■ Assigned task
Keep the images out while you set down the data exactly.

■ Data below
[Start of section]

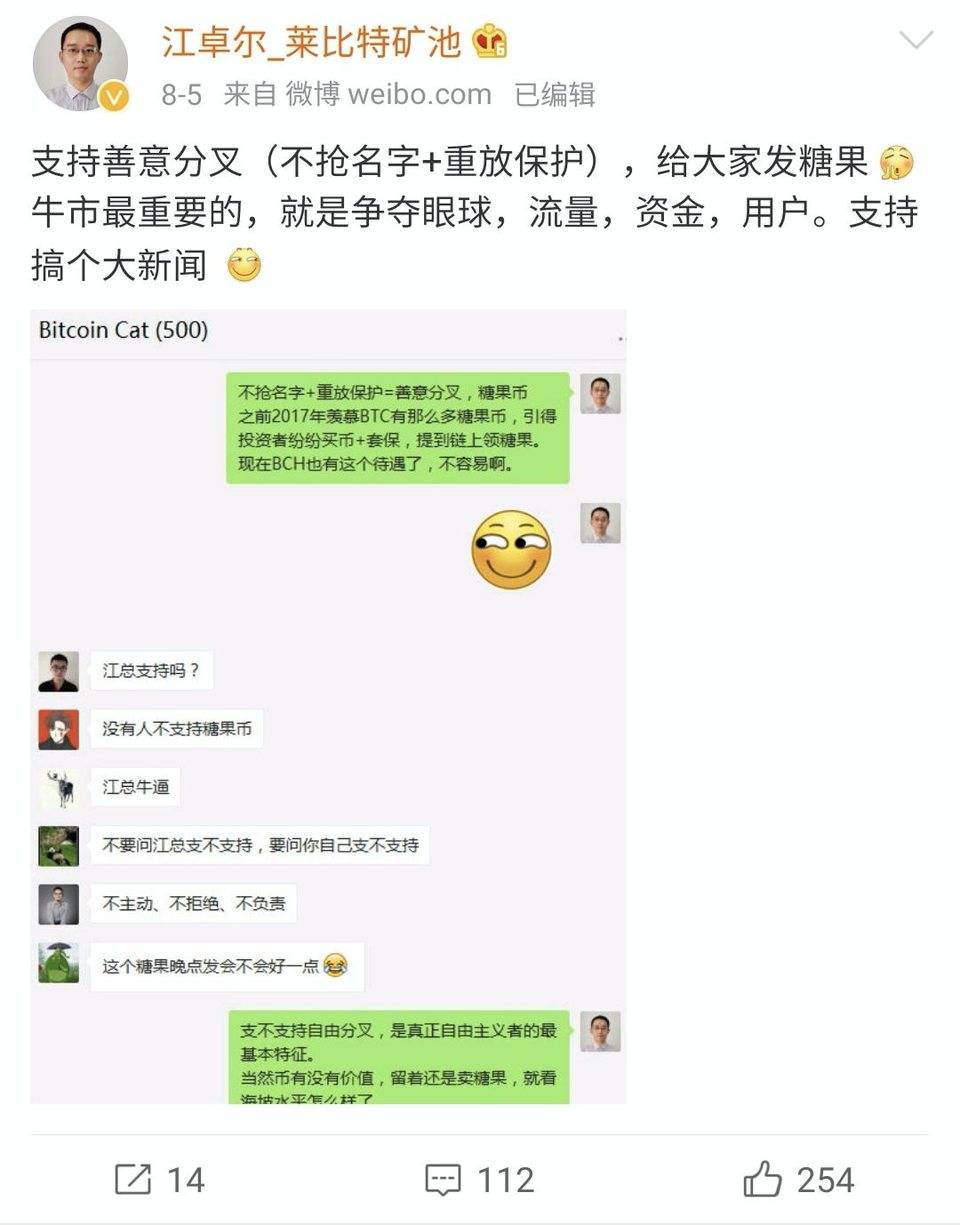 BCH 再分叉：拒绝 8% 抽水，矿工掀起保卫战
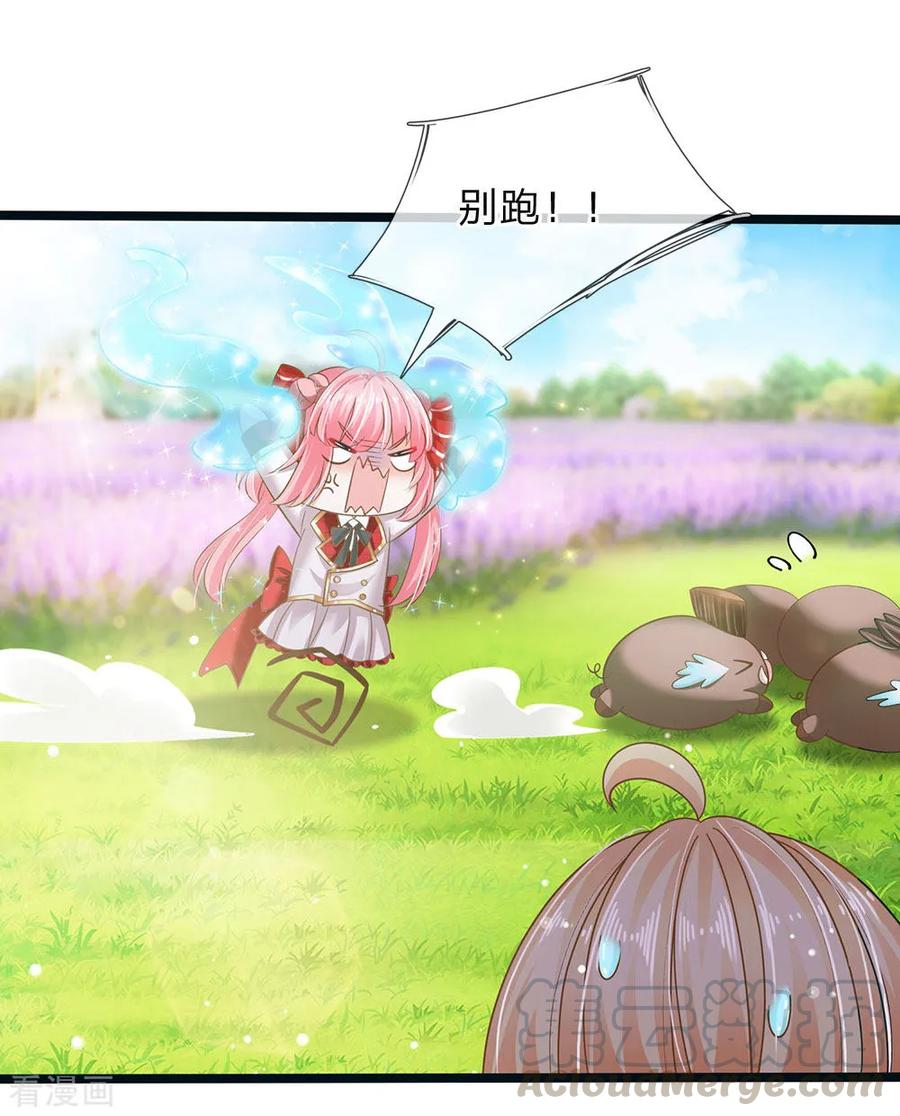 皇帝陛下的天价宝贝149话 越来越有意思了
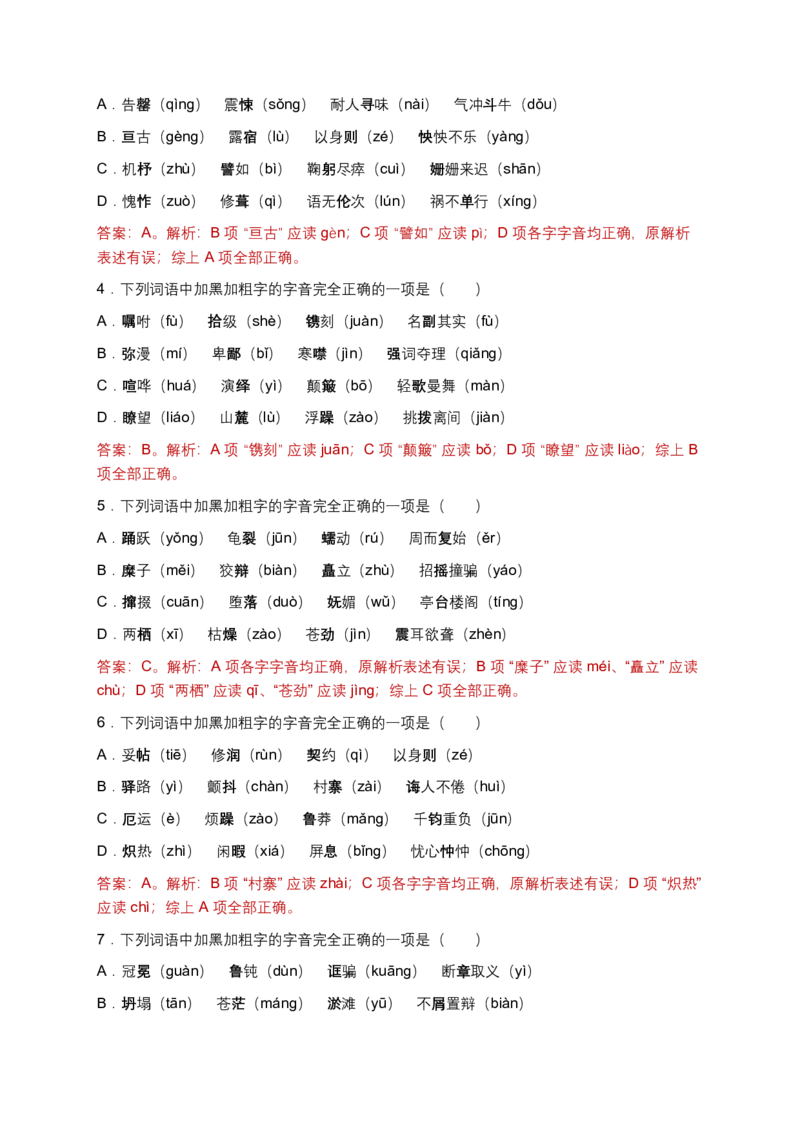 字音(含答案解析)_462026中考语文一轮复习练考点+练专题+练模块_字音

[End of section]

■ Response for this exercise
 BCH 再分叉：拒绝 8% 抽水，矿工掀起保卫战
 皇帝陛下的天价宝贝149话 越来越有意思了
 字音(含答案解析)_462026中考语文一轮复习练考点+练专题+练模块_字音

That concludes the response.